> [Requirement]: After locating the line that contains "Trade Shop - Batteria" in the data below, set down exactly that line and each one after it through the line that contains "Designing a war movie poster", and nothing more.

(Data excerpts)

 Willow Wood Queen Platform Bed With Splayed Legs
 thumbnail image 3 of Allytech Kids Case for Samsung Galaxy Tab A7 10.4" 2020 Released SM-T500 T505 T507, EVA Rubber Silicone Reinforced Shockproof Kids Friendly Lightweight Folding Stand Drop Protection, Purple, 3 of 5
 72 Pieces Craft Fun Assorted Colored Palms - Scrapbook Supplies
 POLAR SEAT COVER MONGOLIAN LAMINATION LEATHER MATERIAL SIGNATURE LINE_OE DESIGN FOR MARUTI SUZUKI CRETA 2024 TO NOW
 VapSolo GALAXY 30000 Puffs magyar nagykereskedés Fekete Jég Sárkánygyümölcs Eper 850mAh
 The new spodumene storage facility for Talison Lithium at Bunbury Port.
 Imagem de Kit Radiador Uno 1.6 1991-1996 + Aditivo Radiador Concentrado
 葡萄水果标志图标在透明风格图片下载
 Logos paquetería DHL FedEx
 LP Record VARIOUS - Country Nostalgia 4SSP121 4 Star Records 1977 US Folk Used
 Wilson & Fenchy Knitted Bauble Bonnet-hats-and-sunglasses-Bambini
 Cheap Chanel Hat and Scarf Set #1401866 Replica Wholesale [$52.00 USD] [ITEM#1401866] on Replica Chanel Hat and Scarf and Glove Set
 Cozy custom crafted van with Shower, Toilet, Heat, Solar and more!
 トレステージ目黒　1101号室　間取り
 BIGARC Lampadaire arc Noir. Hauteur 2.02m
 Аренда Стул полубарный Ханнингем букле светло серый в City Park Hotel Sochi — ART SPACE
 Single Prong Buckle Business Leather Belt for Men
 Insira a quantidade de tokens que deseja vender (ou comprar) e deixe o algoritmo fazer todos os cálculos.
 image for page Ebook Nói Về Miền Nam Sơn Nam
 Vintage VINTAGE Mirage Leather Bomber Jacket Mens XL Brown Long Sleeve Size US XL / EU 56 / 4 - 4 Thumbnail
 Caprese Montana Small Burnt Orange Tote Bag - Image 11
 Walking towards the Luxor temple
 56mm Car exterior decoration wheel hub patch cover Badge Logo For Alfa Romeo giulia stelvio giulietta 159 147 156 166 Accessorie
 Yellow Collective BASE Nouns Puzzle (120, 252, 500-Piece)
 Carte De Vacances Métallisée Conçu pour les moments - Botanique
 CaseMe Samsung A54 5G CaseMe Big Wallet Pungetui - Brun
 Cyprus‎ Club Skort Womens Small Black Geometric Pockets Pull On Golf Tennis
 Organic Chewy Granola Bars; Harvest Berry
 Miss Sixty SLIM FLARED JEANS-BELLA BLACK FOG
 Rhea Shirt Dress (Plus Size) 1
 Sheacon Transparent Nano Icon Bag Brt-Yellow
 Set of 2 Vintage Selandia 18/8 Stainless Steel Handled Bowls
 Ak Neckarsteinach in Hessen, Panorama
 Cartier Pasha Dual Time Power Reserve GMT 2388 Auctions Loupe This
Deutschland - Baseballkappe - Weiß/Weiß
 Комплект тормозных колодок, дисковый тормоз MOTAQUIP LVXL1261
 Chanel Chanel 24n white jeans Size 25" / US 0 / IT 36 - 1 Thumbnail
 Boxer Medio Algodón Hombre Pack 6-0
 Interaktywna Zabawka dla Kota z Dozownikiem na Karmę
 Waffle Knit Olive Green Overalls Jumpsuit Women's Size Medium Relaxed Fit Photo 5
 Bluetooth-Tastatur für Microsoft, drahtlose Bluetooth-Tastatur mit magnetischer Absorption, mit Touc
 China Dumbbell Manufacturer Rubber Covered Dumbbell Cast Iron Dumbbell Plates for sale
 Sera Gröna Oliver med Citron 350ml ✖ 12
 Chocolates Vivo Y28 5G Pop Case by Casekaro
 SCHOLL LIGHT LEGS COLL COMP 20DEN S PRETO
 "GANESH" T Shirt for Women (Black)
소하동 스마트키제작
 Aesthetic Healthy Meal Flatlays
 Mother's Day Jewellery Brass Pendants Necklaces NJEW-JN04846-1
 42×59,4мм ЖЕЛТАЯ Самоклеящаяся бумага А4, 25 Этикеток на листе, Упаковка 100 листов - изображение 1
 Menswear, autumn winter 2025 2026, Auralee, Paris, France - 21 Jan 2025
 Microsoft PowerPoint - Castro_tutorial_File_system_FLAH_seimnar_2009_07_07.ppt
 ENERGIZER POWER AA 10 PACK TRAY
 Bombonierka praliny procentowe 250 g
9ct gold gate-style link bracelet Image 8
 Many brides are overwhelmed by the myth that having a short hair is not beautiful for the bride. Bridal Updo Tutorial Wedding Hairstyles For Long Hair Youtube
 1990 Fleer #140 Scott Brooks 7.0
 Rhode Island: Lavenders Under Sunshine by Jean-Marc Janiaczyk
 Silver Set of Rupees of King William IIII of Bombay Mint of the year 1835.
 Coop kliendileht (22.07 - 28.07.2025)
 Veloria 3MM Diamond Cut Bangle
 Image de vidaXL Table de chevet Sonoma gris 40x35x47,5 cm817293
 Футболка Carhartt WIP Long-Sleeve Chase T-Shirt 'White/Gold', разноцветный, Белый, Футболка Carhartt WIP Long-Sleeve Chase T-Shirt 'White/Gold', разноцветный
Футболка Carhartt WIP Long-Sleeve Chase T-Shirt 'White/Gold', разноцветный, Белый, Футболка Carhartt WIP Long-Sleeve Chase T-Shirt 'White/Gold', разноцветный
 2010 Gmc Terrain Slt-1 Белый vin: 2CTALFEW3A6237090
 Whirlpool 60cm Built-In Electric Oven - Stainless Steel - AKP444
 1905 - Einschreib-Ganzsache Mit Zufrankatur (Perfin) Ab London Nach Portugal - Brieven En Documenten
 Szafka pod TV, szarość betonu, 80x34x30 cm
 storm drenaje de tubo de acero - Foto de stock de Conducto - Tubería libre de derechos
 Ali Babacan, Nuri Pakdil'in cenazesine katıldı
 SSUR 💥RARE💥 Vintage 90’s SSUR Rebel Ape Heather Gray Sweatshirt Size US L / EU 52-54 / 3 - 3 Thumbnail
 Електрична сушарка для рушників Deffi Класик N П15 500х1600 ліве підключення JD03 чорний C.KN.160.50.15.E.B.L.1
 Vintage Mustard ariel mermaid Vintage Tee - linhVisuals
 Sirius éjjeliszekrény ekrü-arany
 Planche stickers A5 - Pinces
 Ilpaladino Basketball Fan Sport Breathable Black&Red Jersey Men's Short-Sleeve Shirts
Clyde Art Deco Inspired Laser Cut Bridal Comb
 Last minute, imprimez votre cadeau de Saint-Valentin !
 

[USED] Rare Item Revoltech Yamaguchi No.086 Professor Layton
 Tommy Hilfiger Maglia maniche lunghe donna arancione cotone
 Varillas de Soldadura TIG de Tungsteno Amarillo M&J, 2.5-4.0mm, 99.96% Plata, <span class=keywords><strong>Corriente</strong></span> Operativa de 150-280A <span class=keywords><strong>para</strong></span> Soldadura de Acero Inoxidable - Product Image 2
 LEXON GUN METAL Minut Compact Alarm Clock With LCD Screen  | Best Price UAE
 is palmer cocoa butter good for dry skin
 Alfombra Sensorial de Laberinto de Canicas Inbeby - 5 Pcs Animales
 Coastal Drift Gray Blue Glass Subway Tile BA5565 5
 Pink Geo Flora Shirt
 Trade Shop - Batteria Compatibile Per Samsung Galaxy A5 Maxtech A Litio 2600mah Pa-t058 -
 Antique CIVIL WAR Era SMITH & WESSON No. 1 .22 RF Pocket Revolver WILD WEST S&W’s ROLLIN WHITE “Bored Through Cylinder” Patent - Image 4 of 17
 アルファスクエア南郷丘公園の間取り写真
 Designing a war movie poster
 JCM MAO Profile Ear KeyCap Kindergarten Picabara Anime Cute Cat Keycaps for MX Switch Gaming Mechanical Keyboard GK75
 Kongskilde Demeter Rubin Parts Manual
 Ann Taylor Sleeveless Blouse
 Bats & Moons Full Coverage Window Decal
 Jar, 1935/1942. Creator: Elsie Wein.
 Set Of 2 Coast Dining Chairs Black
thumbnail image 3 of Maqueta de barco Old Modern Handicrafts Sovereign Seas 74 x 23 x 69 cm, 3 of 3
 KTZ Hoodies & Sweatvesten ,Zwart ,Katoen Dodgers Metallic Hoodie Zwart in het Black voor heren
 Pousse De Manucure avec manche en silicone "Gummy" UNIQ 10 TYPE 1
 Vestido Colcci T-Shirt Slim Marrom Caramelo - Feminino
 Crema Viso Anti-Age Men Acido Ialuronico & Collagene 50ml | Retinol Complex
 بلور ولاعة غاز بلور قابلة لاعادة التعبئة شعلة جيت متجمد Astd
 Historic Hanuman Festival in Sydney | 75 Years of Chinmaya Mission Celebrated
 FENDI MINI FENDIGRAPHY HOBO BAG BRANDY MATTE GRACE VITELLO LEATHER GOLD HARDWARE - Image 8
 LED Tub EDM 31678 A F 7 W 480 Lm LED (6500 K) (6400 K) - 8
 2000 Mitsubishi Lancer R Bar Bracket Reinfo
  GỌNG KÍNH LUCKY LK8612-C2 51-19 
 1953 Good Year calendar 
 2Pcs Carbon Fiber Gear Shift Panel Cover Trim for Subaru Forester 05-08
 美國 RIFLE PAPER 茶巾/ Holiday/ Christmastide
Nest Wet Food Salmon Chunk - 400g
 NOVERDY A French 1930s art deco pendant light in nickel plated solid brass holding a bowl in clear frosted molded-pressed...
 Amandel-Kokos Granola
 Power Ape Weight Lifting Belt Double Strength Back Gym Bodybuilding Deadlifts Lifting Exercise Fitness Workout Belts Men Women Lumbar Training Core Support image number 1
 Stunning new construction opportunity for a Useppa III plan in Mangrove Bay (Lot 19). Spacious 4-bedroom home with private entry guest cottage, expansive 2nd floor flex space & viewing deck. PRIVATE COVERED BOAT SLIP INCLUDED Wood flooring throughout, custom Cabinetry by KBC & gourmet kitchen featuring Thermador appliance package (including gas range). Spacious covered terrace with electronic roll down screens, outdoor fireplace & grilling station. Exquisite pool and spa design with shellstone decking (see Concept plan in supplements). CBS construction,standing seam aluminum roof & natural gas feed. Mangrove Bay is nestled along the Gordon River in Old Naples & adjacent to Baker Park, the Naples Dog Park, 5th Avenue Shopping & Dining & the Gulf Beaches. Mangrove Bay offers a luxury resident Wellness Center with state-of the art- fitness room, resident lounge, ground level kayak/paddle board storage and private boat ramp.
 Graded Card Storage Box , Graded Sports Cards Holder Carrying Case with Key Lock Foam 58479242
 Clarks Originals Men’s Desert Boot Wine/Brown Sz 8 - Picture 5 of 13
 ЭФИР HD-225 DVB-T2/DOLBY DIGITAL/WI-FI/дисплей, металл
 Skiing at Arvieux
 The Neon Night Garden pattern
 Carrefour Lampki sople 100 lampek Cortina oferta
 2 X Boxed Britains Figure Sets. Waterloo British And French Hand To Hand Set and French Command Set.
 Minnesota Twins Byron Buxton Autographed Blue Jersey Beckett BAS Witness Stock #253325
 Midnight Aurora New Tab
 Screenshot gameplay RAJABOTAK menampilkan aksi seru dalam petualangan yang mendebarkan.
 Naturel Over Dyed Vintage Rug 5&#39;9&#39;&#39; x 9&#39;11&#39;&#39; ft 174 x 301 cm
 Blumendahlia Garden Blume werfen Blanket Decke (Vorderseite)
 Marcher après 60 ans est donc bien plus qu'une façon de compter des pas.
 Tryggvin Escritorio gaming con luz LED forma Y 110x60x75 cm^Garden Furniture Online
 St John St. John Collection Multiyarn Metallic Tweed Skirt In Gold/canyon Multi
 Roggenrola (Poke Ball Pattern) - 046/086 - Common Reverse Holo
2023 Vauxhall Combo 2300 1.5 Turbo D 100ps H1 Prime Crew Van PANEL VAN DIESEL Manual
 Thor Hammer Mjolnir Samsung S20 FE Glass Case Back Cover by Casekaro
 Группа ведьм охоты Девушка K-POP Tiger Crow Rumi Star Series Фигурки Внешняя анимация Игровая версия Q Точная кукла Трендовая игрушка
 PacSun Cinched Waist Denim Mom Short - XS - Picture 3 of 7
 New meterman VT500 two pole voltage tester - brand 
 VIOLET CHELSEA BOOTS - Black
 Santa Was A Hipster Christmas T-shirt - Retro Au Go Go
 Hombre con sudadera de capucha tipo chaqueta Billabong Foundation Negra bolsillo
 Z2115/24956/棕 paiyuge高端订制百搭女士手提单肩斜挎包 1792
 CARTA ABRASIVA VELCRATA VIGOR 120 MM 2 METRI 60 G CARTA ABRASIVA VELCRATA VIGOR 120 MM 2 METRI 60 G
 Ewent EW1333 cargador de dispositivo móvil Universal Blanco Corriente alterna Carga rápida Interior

> [Result for this task]:
 Trade Shop - Batteria Compatibile Per Samsung Galaxy A5 Maxtech A Litio 2600mah Pa-t058 -
 Antique CIVIL WAR Era SMITH & WESSON No. 1 .22 RF Pocket Revolver WILD WEST S&W’s ROLLIN WHITE “Bored Through Cylinder” Patent - Image 4 of 17
 アルファスクエア南郷丘公園の間取り写真
 Designing a war movie poster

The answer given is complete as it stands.